━━ Records for the task

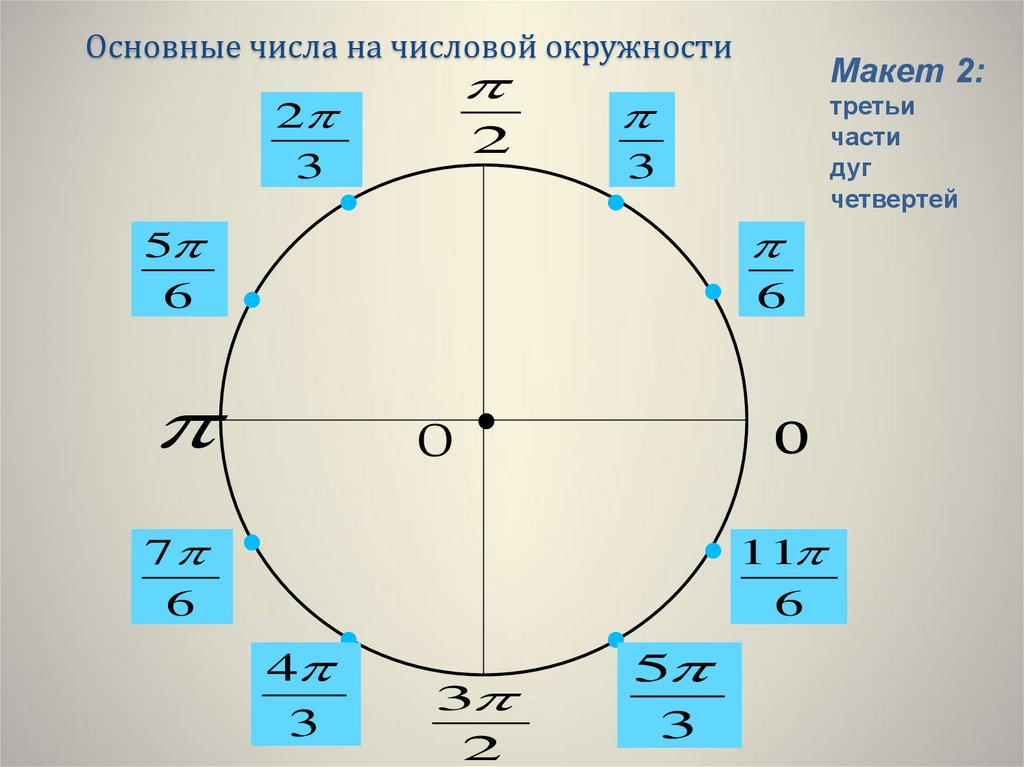 Пи на шесть. П/6 на числовой окружности. Числовая единичная окружность 10 класс. Макет числовой окружности. 3 На числовой окружности.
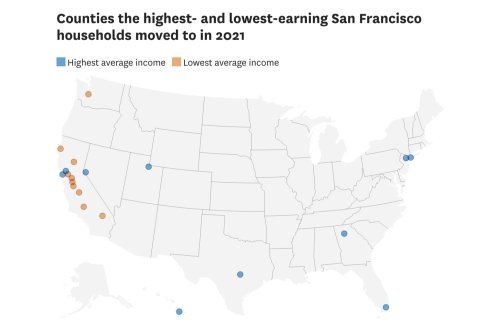 San Francisco exodus: Where former residents are moving depends on their tax bracket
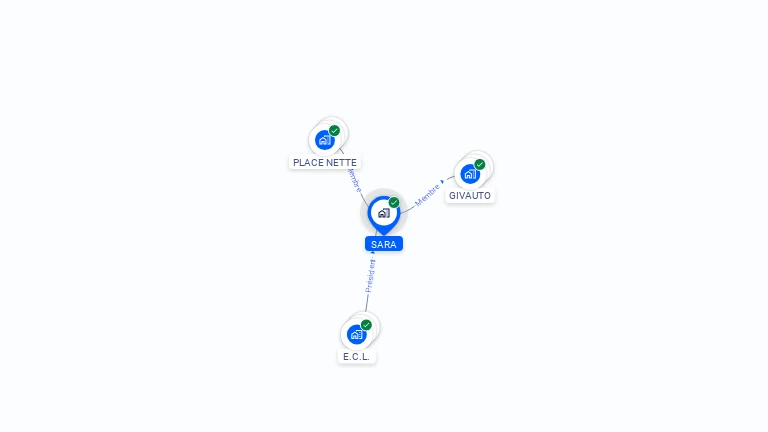 Cartographie gratuite de SARA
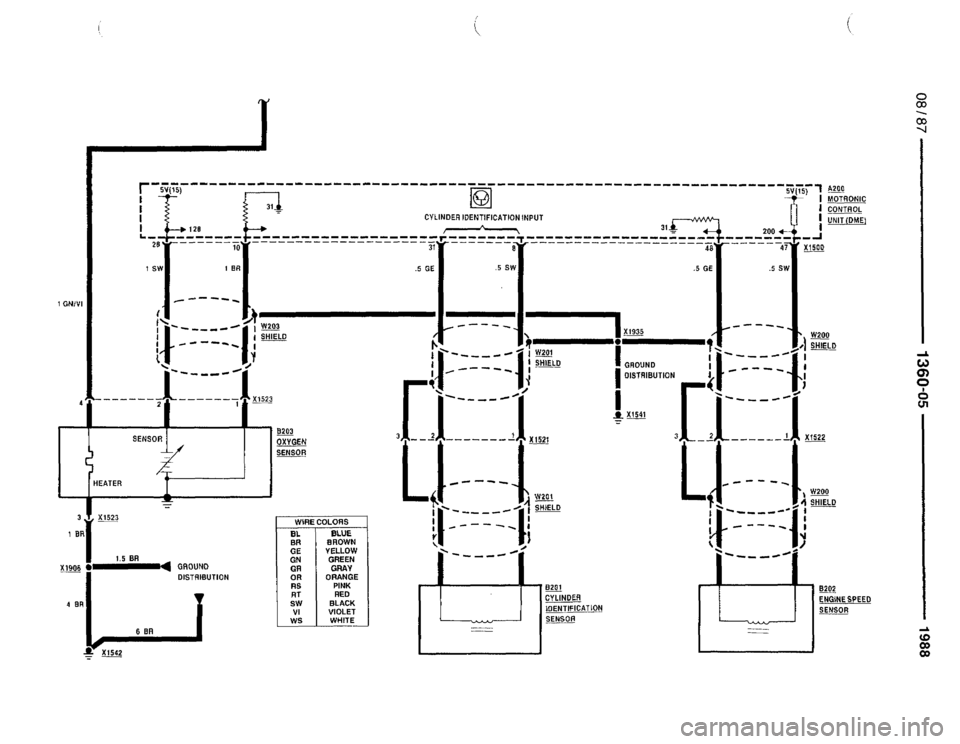BMW 735i 1987 E32 Electrical Troubleshooting Manual BMW 735i 1987 E32 Electrical Troubleshooting Manual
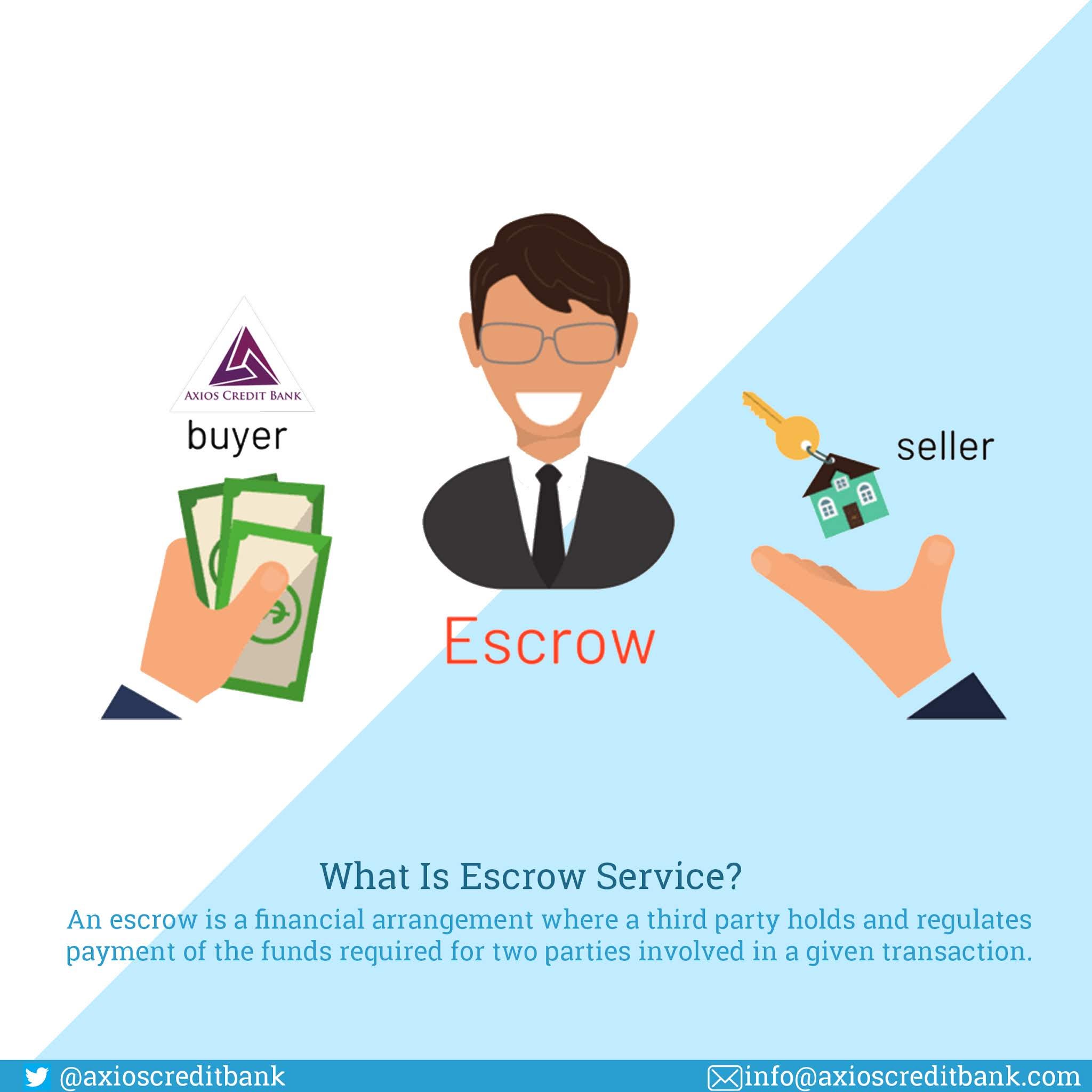 An Escrow Service Guide To Know, What is escrow & How it Works Medium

━━━━

■ **Problem details**
In the copy, include no pictures; transcribe every record above verbatim.

■ **Answer below**
 Пи на шесть. П/6 на числовой окружности. Числовая единичная окружность 10 класс. Макет числовой окружности. 3 На числовой окружности.
 San Francisco exodus: Where former residents are moving depends on their tax bracket
 Cartographie gratuite de SARA
BMW 735i 1987 E32 Electrical Troubleshooting Manual BMW 735i 1987 E32 Electrical Troubleshooting Manual
 An Escrow Service Guide To Know, What is escrow & How it Works Medium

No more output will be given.